• _What is needed_
Within the records that follow, restate exactly the lines from the line with "Modern Acrylic Rolling Side Table" down to the line with "Minimalistisk grönt vit", including both. Omit the pictures.

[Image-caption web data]
--------

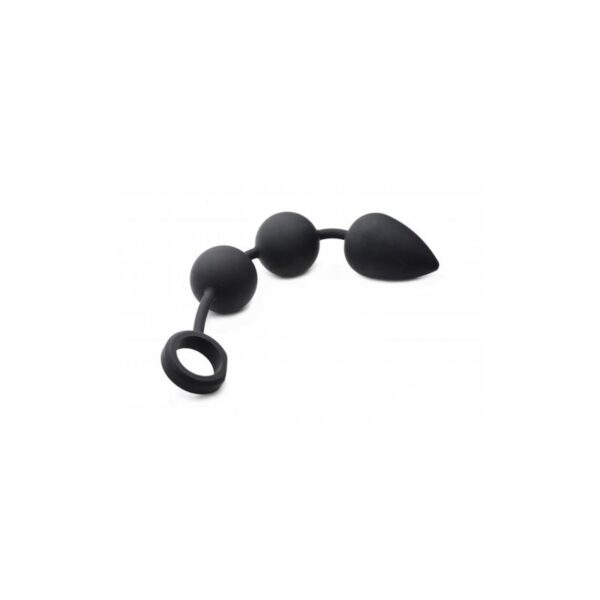 Large Silicone Weighted Anal Chain Black - Image 2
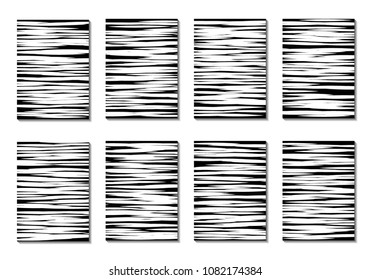 Minimal Covers. Set of 8 Black and White Designs for Covers, Backgrounds or Posters. Monochrome Geometric Backgrounds with Contrast Stripes. Abstract Grid with Clipping Mask. Editable Trendy Covers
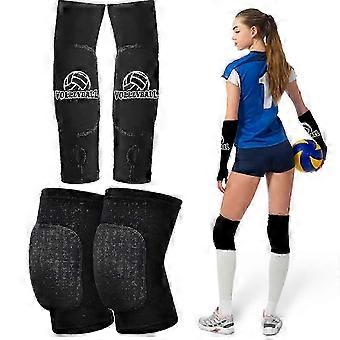 Volleyball Knee Pads And Volleyball Arm Sleeves, Volleyball Accessories Gear With High Protection Pad Volleyball Kneepads Thumb Hole Arm Sleeves_RxA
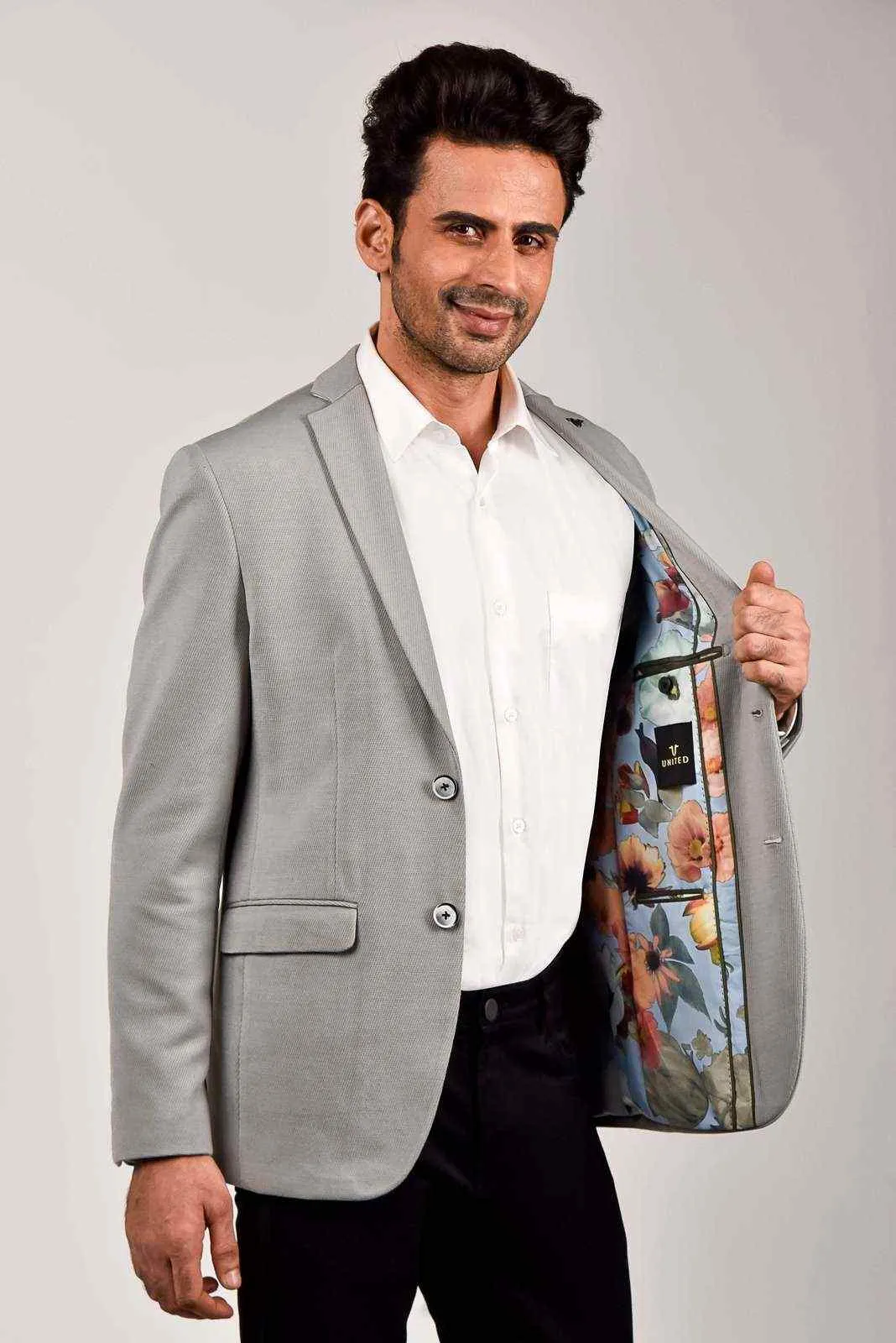 Light Grey Knitted Blazer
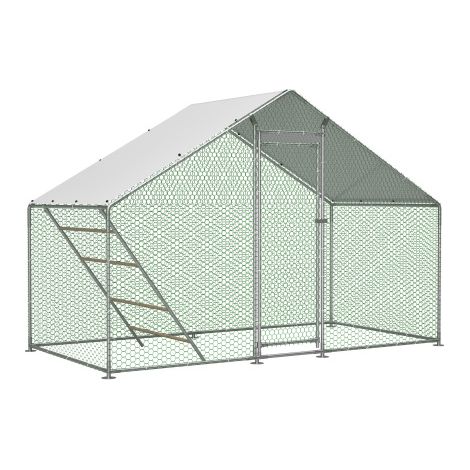 Enclos volière poulailler acier galvanisé 3x1,5x2 m avec toit PE, porte verrouillable, perchoir échelle - Gris (1/5)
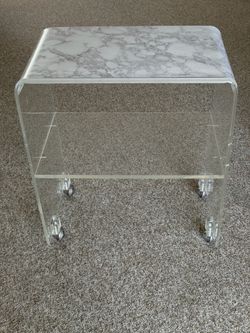 Modern Acrylic Rolling Side Table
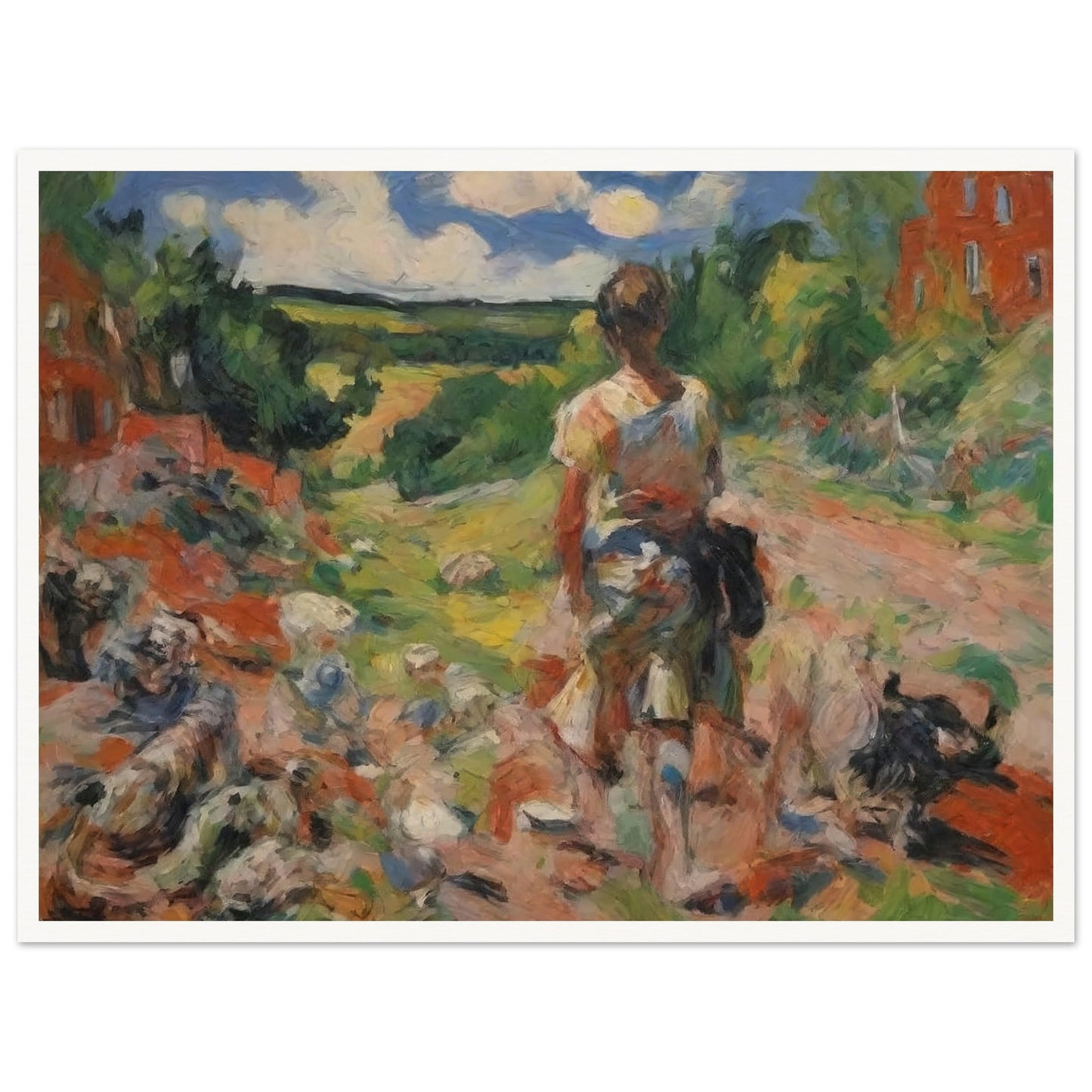 An expressive painting of a shepherd walking with a flock of sheep along a colorful, scenic countryside path.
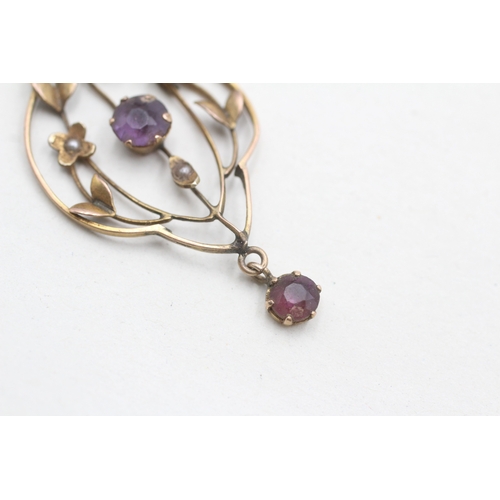 39 - 9ct gold Edwardian amethyst & seed pearl pendant (1.8g)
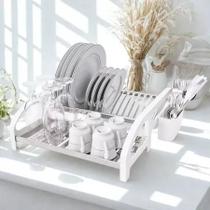 Escorredor de Louça 12 Pratos Branco em aço Inox Cama com Porta Talheres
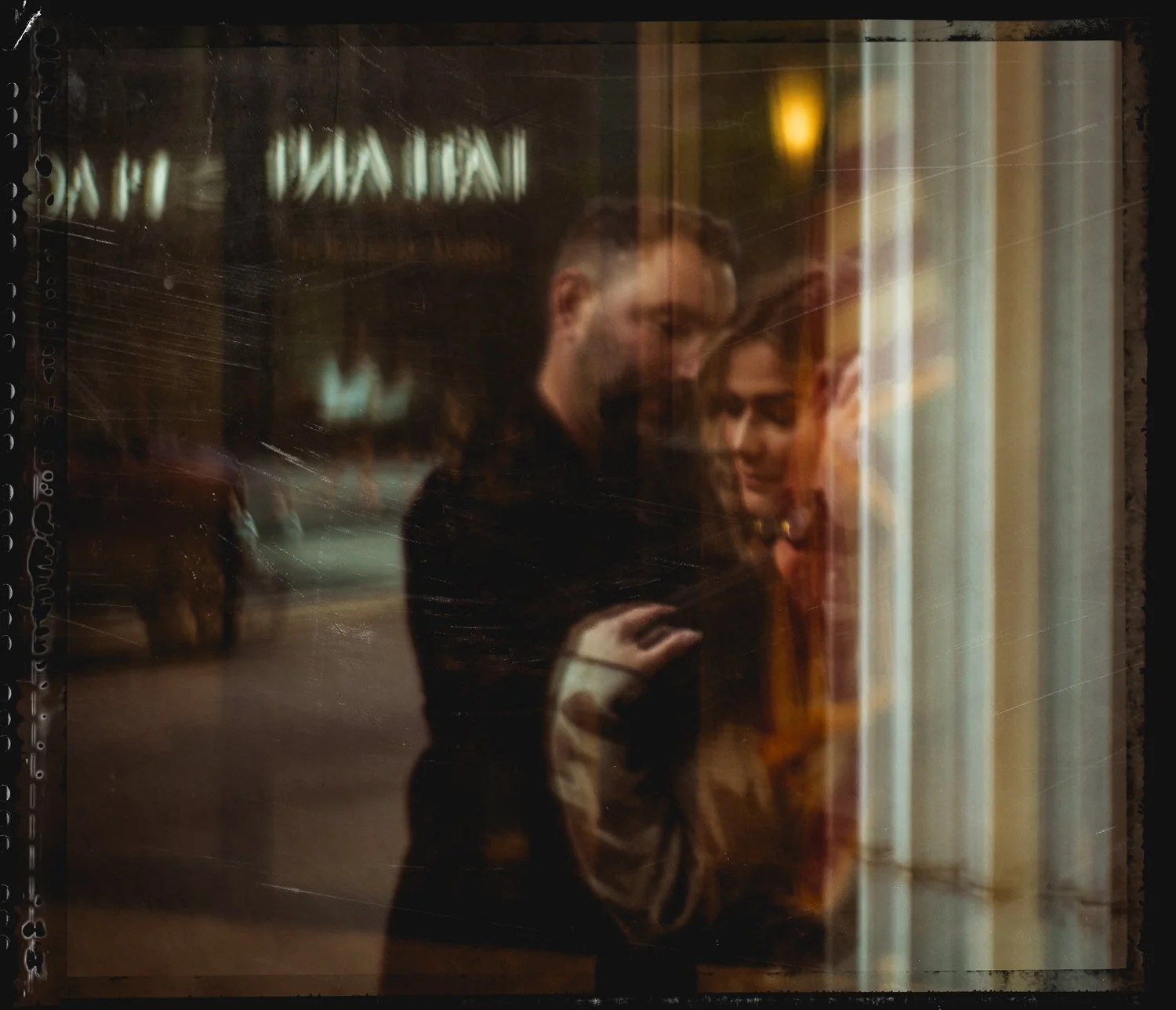 Film Style engagement photos at downtown Jacksonville. Fine Art, Emotive and beautiful. Karen Fabiola Photo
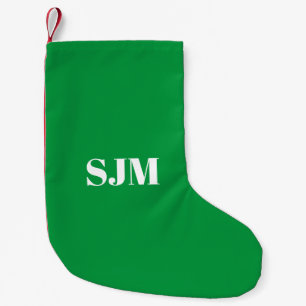 Minimalistisk grönt vit röd Anpassningsbar monogra Liten Julstrumpa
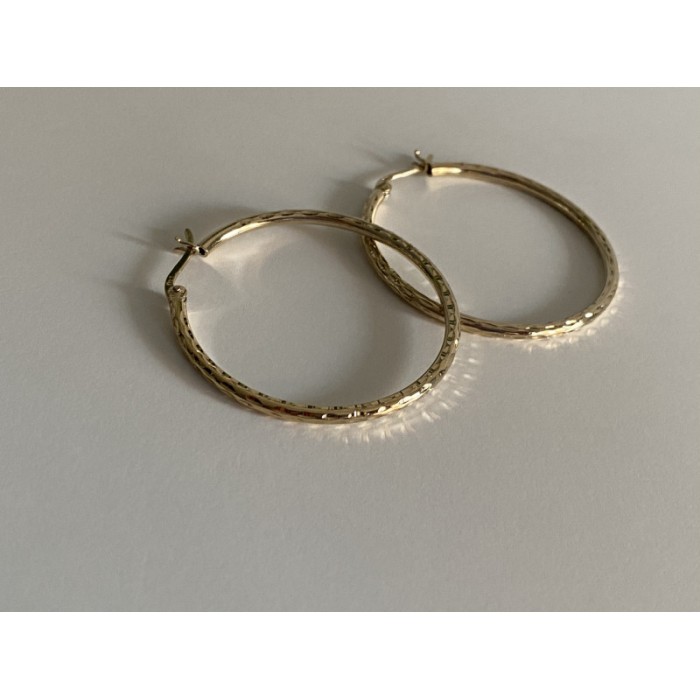 925 STERLING SILVER GOLD PLATED HOOP EARRINGS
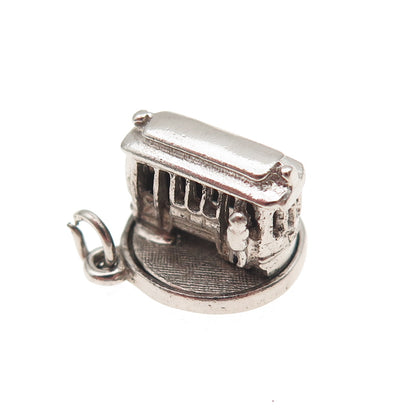 925 Sterling Silver Antique Art Deco San Francisco Cable Car 3D Mini Pendant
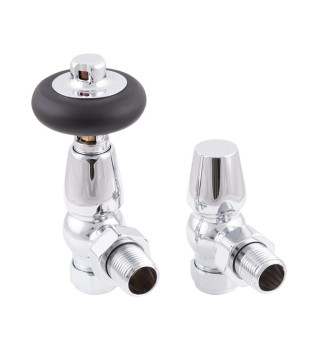 Carron Kingsgrove Thermostatic Radiator Valve With Wooden Top - Chrome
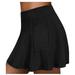 Women s Tennis Skirts Run yoga Inner Shorts Elastic Sports Golf Pockets Hakamaskirt for women skirt for women trendy skirt for women short skirt for wome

--------

• _Output of the task_
 Modern Acrylic Rolling Side Table
 An expressive painting of a shepherd walking with a flock of sheep along a colorful, scenic countryside path.
 39 - 9ct gold Edwardian amethyst & seed pearl pendant (1.8g)
 Escorredor de Louça 12 Pratos Branco em aço Inox Cama com Porta Talheres
 Film Style engagement photos at downtown Jacksonville. Fine Art, Emotive and beautiful. Karen Fabiola Photo
 Minimalistisk grönt vit röd Anpassningsbar monogra Liten Julstrumpa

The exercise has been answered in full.